ヘアトン・アーンショー | Hareton Earnshaw
ヒンドリーとフランセスの息子。幼少期はヒースクリフに懐いていた。
リントン・ヒースクリフ | Linton Heathcliff
ヒースクリフとイザベラの息子。子どもの頃から病弱でわがままに育つ。しかしヒースクリフは怖いので無理をしても従う。
ジョセフ | Jpseph
嵐が丘の使用人。キャサリンが子どもの頃から勤めている。すぐに神様を持ち出し子ども達には意地が悪いが主人には忠実。
ズィラ | Zilla
リントンが引き取られたあと嵐が丘に雇われた家政婦。
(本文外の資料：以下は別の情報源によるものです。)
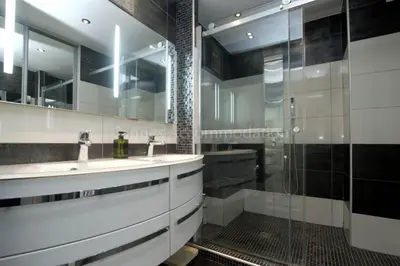 a bathroom with two sinks and a shower at Isadora in Cannes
ネリーと違い思慮に欠けるところがある。

リントン家
エドガー・リントン | Edger lLinton
リントン家の一人息子。上品で穏やかな性格。子どもの頃は泣き虫でキャサリンになめられていた。
イザベラ・リントン | Isabella Linton
リントン家の一人娘。エドガーの妹。兄嫁キャサリンに対しても気を使う優しさを持ち合わせていた。ヒースクリフの策に嵌まり騙されてしまう。
リントン夫妻 | Mr. & Mrs. Linton
エドガーの両親。一代前のスラシュクロスの主。
キャサリン・リントン(キャシー)| Catherine Linton(Cathy)
エドガーとキャサリンの一人娘。母譲りの天真爛漫さと父譲りの思いやりを持ち合わせる。

その他
ケネス医師 | Dr.Kenneth
アーンショー家、リントン家の主治医
グリーン氏 | Mr.Green
アーンショー家、リントン家、それにヒースクリフの顧問弁護士。

考察

この本は何度も何度も読み返しているはずなのですが、今回意外に読むのに手こずりました。全体が暗いので気分が滅入るのもその一因なのですが、若い時と違って自身が草臥れてしまうとキャサリンやヒースクリフの情熱に着いていけなくなるのかもしれません。

ネリーの公正性

昔からよく言われていることの一つで、本書は教育を受けていない家政婦ネリーの語りによるため、しばしば読者に誤った情報を与える…と指摘されてきた。しかし多くの人が述べているようにネリーは思慮深く、頭のいい女性であるため語り手としての役割は十分担っていると思う。

とは言ってもネリーも人の子、ちょっとした依怙贔屓の感情も垣間見れる。同世代である母親のキャサリンへの評価は冷静であるのに子ども世代のキャシーへの評価は甘い。またヒンドリーは単に親の財産を受け継いだだけのダメ男なのだけど、彼女からすると乳姉弟にあたり親近感が強い。なのでヒンドリーについては割と労わっている。ネリーとヒンドリーがどちらが先に生まれたかは書かれていなかったが、一般に乳母を雇うばあい既に乳がでている人を雇うであろうからネリーが先に生まれていたと仮定して、私は乳姉弟と記した。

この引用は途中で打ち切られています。